**What you should do**: Quote the records below in full, exactly as given, with the images taken out.

<<<<

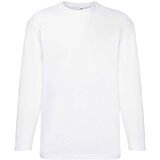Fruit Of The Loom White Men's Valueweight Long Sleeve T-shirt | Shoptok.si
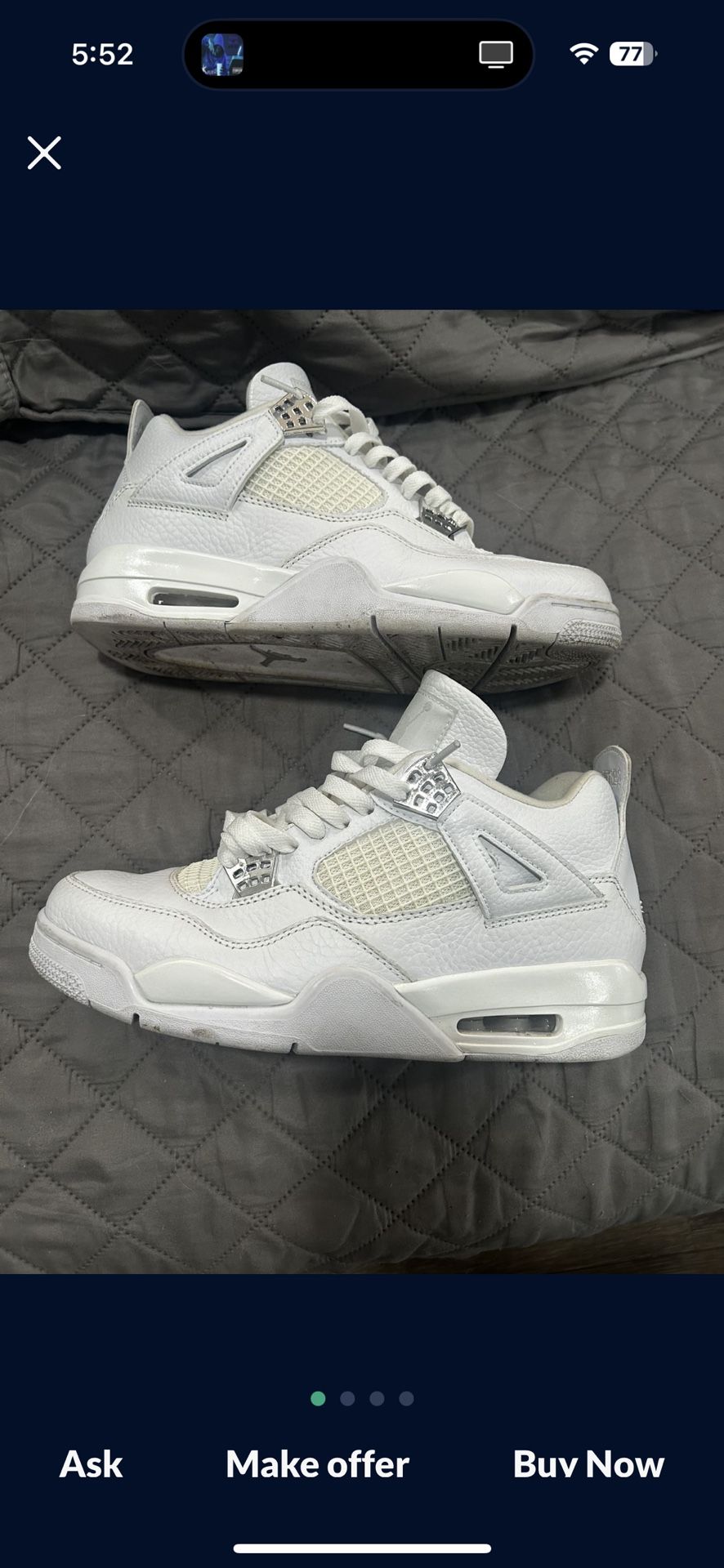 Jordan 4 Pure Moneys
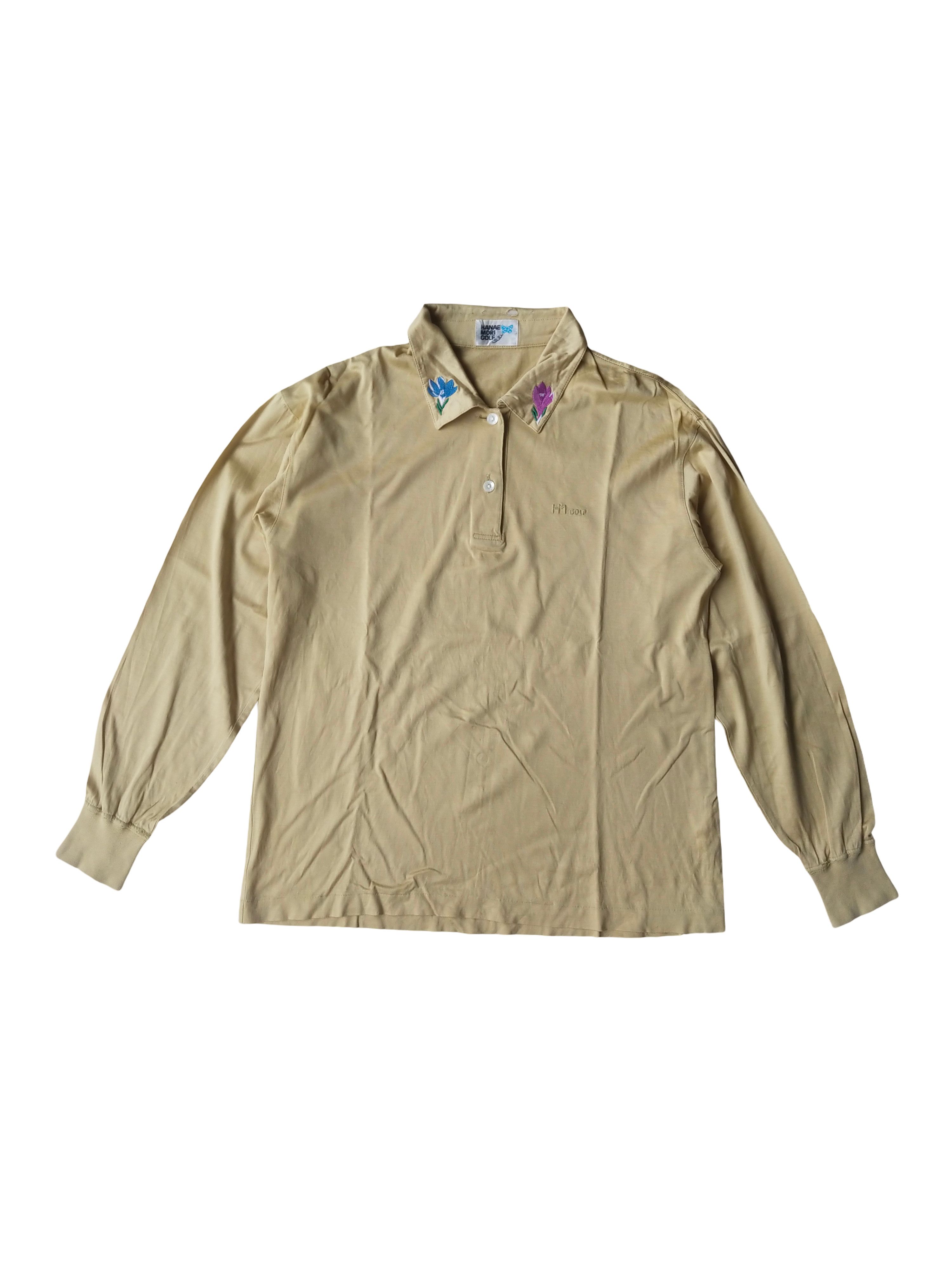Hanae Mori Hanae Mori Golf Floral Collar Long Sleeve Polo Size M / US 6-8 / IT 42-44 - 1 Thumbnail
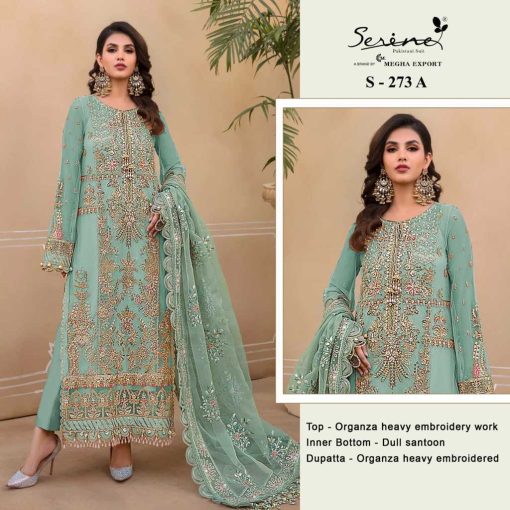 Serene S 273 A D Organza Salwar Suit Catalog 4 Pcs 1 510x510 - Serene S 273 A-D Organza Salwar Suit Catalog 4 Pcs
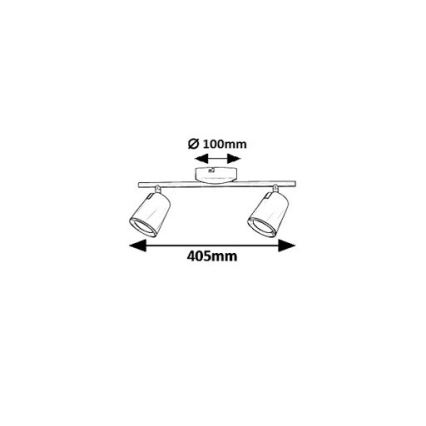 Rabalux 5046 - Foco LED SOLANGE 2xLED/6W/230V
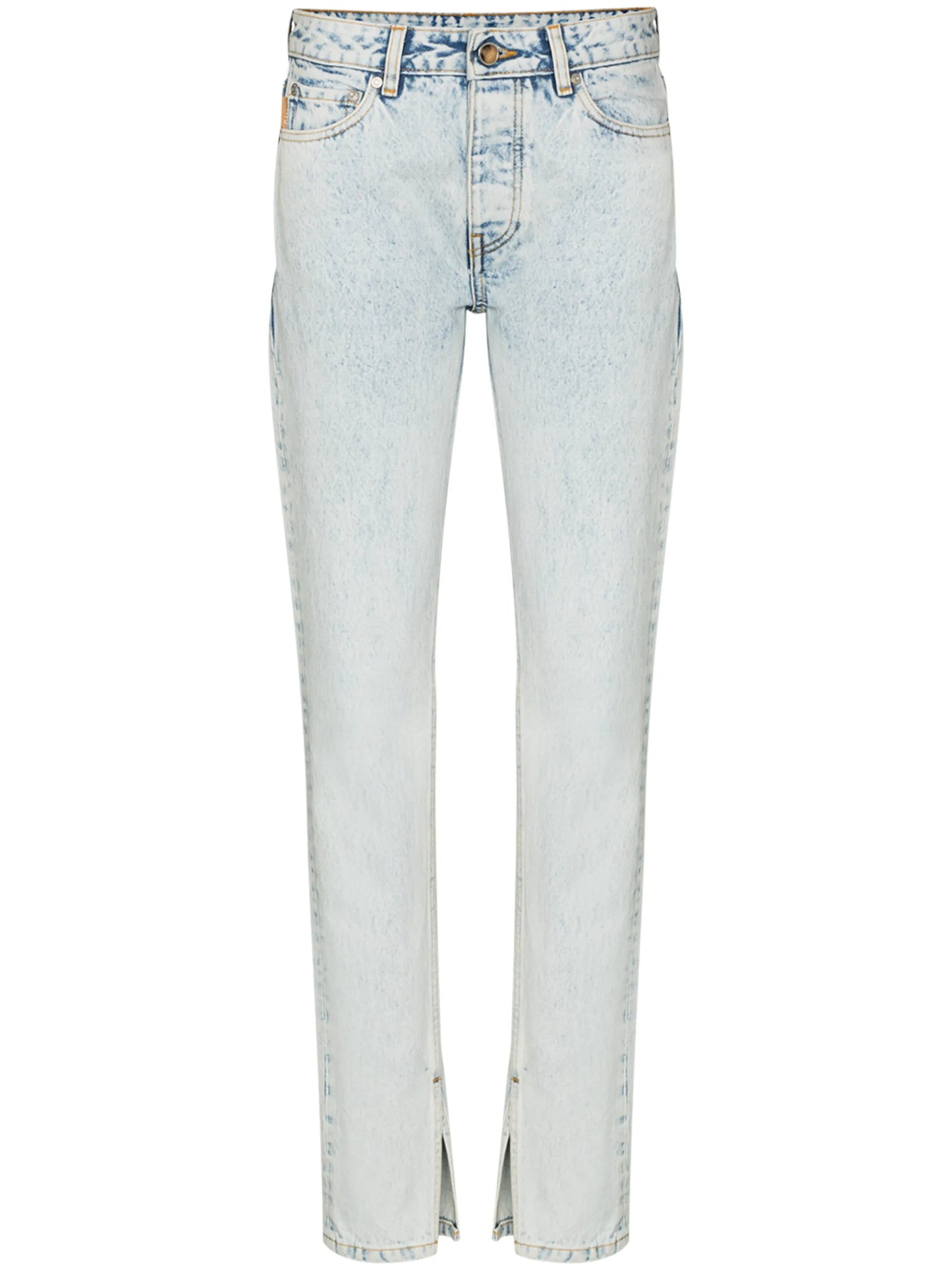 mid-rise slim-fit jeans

>>>>

**Expected answer**:
Fruit Of The Loom White Men's Valueweight Long Sleeve T-shirt | Shoptok.si
 Jordan 4 Pure Moneys
Hanae Mori Hanae Mori Golf Floral Collar Long Sleeve Polo Size M / US 6-8 / IT 42-44 - 1 Thumbnail
 Serene S 273 A D Organza Salwar Suit Catalog 4 Pcs 1 510x510 - Serene S 273 A-D Organza Salwar Suit Catalog 4 Pcs
 Rabalux 5046 - Foco LED SOLANGE 2xLED/6W/230V
 mid-rise slim-fit jeans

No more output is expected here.